* _SUPPLIED RECORDS_:
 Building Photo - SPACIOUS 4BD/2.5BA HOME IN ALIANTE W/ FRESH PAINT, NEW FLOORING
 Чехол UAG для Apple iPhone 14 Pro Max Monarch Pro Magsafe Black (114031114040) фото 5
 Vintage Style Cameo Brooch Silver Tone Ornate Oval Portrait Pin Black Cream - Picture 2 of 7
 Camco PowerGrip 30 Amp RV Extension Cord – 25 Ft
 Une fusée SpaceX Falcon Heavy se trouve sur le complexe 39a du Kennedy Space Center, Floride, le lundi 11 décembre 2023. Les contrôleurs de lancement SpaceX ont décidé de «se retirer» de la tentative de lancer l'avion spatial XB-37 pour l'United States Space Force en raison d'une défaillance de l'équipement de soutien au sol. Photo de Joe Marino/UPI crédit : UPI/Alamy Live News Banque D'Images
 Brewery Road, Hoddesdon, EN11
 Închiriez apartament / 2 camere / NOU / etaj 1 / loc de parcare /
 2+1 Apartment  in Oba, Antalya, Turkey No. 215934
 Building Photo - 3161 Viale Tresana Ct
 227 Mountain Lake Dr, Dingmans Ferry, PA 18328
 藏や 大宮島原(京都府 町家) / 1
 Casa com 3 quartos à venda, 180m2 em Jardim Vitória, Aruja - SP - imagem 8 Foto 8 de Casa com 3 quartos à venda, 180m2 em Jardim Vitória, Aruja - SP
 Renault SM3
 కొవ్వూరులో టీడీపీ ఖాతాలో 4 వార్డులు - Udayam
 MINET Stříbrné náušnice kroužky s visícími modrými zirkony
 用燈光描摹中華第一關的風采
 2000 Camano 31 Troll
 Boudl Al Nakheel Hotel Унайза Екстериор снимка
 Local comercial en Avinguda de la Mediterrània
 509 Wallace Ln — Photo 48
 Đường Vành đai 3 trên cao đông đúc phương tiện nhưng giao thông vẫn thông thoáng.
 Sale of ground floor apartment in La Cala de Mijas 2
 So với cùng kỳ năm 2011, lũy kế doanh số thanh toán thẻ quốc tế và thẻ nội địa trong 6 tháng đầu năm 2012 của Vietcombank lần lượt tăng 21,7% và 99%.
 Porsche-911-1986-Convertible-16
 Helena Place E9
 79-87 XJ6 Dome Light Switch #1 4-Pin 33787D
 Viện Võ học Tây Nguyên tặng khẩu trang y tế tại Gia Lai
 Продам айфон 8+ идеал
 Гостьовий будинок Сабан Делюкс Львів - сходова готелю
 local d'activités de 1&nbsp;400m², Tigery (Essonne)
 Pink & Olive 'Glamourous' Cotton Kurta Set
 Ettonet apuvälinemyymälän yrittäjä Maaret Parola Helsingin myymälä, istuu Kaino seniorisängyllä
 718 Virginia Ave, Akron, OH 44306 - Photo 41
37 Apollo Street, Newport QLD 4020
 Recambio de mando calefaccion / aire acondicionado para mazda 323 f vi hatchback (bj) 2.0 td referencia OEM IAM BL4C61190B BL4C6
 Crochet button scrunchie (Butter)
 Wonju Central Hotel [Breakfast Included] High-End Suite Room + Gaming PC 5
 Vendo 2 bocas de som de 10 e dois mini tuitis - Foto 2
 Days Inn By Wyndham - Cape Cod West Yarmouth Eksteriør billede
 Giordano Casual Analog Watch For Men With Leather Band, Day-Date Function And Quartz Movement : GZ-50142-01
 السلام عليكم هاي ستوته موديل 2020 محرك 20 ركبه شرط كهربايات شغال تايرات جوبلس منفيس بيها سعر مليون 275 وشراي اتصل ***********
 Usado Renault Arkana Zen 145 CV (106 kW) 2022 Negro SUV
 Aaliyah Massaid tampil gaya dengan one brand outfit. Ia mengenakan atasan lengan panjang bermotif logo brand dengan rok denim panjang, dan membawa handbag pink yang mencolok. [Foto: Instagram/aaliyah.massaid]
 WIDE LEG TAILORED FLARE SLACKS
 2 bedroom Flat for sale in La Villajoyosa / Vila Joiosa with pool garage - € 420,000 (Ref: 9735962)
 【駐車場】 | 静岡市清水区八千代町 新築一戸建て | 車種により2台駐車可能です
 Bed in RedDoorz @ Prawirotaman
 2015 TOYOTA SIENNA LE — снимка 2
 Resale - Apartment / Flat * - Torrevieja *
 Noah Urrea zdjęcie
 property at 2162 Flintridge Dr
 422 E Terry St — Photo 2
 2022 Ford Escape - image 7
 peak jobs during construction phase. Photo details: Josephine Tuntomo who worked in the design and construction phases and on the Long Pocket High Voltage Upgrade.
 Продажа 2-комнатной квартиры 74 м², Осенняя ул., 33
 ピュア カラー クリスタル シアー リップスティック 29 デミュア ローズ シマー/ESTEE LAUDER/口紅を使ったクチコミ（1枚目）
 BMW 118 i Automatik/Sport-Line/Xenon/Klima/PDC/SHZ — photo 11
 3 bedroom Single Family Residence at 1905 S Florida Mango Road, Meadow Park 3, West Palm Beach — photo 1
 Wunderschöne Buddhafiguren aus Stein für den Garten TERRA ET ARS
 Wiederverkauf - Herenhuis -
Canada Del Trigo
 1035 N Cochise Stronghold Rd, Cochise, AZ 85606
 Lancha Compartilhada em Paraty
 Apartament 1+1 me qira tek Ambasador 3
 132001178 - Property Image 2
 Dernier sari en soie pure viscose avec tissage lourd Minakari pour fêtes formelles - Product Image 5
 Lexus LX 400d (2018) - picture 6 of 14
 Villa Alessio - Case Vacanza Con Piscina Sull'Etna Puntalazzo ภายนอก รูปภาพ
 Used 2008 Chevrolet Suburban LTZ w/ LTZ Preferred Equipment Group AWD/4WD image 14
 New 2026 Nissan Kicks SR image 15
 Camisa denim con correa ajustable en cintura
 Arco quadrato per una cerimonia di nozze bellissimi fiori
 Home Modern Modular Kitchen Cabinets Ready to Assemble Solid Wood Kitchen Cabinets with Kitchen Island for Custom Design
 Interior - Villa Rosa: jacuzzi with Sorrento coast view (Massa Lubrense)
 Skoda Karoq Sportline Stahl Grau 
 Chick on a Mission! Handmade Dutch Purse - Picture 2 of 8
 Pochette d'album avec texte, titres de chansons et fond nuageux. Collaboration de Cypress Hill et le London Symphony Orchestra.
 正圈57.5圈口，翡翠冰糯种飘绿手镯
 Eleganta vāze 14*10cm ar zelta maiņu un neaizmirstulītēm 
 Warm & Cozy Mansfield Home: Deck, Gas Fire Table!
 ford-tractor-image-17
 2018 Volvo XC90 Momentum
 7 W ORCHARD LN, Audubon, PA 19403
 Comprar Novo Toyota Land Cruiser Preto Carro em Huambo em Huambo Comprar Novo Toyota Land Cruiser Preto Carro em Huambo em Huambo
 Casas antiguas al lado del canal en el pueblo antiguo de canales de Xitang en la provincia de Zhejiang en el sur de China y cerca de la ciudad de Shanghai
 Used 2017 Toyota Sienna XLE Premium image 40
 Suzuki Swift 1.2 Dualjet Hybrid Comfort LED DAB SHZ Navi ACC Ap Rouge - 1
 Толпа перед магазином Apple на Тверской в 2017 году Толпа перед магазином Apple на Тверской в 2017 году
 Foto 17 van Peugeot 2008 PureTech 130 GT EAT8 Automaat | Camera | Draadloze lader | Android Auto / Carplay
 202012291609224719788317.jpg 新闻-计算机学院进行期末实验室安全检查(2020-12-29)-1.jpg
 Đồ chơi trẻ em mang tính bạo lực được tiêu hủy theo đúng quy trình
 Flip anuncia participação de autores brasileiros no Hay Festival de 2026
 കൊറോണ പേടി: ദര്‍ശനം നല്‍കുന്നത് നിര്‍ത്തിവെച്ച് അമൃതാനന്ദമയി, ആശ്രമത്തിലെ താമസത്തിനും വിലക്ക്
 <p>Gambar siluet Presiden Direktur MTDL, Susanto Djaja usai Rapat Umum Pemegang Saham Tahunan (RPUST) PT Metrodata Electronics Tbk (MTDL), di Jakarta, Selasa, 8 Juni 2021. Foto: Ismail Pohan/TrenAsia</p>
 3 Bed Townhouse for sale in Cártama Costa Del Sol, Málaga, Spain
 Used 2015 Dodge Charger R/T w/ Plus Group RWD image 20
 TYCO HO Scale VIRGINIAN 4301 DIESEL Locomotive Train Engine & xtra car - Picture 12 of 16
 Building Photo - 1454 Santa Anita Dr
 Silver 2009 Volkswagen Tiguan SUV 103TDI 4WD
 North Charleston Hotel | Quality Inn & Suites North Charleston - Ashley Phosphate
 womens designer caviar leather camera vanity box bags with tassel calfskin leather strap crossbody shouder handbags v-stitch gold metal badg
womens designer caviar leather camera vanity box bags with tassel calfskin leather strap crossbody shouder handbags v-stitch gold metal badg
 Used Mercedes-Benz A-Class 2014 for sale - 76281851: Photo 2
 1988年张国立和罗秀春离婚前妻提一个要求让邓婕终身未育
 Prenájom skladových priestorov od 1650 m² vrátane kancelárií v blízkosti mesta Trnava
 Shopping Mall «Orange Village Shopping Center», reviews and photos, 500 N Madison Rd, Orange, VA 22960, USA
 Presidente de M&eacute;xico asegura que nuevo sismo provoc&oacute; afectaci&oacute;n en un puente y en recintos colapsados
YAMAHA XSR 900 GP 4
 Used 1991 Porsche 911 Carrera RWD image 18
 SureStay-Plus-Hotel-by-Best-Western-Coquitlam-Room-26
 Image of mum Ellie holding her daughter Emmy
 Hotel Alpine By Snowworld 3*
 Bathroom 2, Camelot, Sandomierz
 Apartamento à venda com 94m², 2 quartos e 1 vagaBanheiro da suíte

* _WORK REQUIRED_:
Output exactly the lines of the material above from the one containing "WIDE LEG TAILORED FLARE SLACKS" up to and including the one containing "Noah Urrea zdjęcie".

* _ANSWER TO THIS PROBLEM_:
 WIDE LEG TAILORED FLARE SLACKS
 2 bedroom Flat for sale in La Villajoyosa / Vila Joiosa with pool garage - € 420,000 (Ref: 9735962)
 【駐車場】 | 静岡市清水区八千代町 新築一戸建て | 車種により2台駐車可能です
 Bed in RedDoorz @ Prawirotaman
 2015 TOYOTA SIENNA LE — снимка 2
 Resale - Apartment / Flat * - Torrevieja *
 Noah Urrea zdjęcie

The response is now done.